If the type of the e, t and d columns is not RVec, the code will have to be adapted accordingly (the documentation about the VecOps is here: the implementation of the operator [] can be found there).

I hope this helps.

Cheers,
D

2 Likes

Dear @Danilo,

Yes, this is exactly what I was looking for. Thank you very much for the kind help.

As mentioned by you, it is bit slower compared to the selection/filter (although I know that it doesn’t do exactly what I was looking for) which I used in the meantime.

Filter("d[0] == 2 && d[1] == 3")

Could this be also due to the extra columns which are defined in the code above?

Regards,

Ajay

@Danilo

When you say - corresponding C++ (lambda) function, do you mean using:

auto dSelect =  [](ROOT::RVec<int> x) {return x == 2 || x == 3;};
.
.
df.Define("indices", dSelect, {"d"})
  .Define("new_e", "e[indices]")
  .Define("new_t", "t[indices]");
.
.
instead of

df.Define("indices", "(d == 2 || d == 3)")
  .Define("new_e", "e[indices]")
  .Define("new_t", "t[indices]");
.
.

or something more?

Ajay

Hi Ajay,

Exactly, nothing more. For small workflows, you should not see any difference - the JITted code by ROOT is quite performant. Clearly those calls cannot be inlined and do not benefit from a full fledged compiler pass, that sees the rest of the code. If at some point you feel you might use more performance you know where to look first :slight_smile:

Cheers,
D

Hi @Danilo,

Thank you for the message!

To learn further, I modified your code as follows with a concise lambda.
This is also because I want to mention the values elements of d as parameters

void d_filter(int d1, int d2)
{
int va = d1;
int vb = d2;

auto dSelect = [&, va, vb](ROOT::RVec<int> a, ROOT::RVec<ULong64_t> b) {return b[a == va || a == vb];};

ROOT::RDataFrame empty_df(1);
auto df = empty_df.Define("d", [](){return ROOT::RVec<int>({1, 2, 3, 4});})
                  .Define("e", [](){return ROOT::RVec<ULong64_t>({100, 200, 300, 400});})
                  .Define("t", [](){return ROOT::RVec<ULong64_t>({1111, 2222, 3333, 4444});});

auto df2 = df
        .Define("new_e", dSelect, {"d", "e"})
        .Define("new_t", dSelect, {"d", "t"});

auto e = df2.Take<ROOT::RVec<ULong64_t>>("e");
auto t = df2.Take<ROOT::RVec<ULong64_t>>("t");
auto new_e = df2.Take<ROOT::RVec<ULong64_t>>("new_e");
auto new_t = df2.Take<ROOT::RVec<ULong64_t>>("new_t");

std::cout << e.GetValue()[0] << std::endl
          << t.GetValue()[0] << std::endl
          << new_e.GetValue()[0] << std::endl
          << new_t.GetValue()[0] << std::endl;
}

Now I can run this code as:

.L d_filter.C++
d_filter(2,3)
d_filter(1,2)

etc.
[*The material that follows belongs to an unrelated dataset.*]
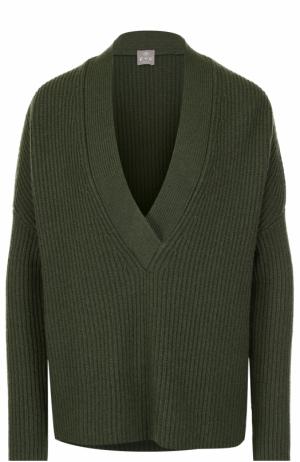 Кашемировый пуловер свободного кроя FTC. Цвет: хаки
Please point out if there is any mistake/bug in this code. If there is none, then I consider this is the final version of what I wanted to achieve as mentioned in my first post in this thread.

Thank you once again for your help.

Pinging just to keep this thread alive.

Hi. No need to ping, it looks fine if you validated and benchmarked it.

What is equivalent of std::any_of in ROOT::RVec or ROOT::VecOp?
I am unable to find here.

Hi,

This should be a different post, but here I go.
You do not need a corresponding utility but can just use std::any_of:

root [0] ROOT::RVec<int> v {1,2,3,4}
(ROOT::RVec<int> &) { 1, 2, 3, 4 }
root [1] std::any_of(v.begin(), v.end(), [](int i){return i==3;})
(bool) true
root [2] std::any_of(v.begin(), v.end(), [](int i){return i==64;})
(bool) false

Thanks dear @Danilo!

May I please also bring your attention to this post.

I have tried my best, but still unable to achieve what I am trying to do as mentioned in that post.

As you might have noticed from our discussion, I am slowly trying to port my data analysis to RDataFrame.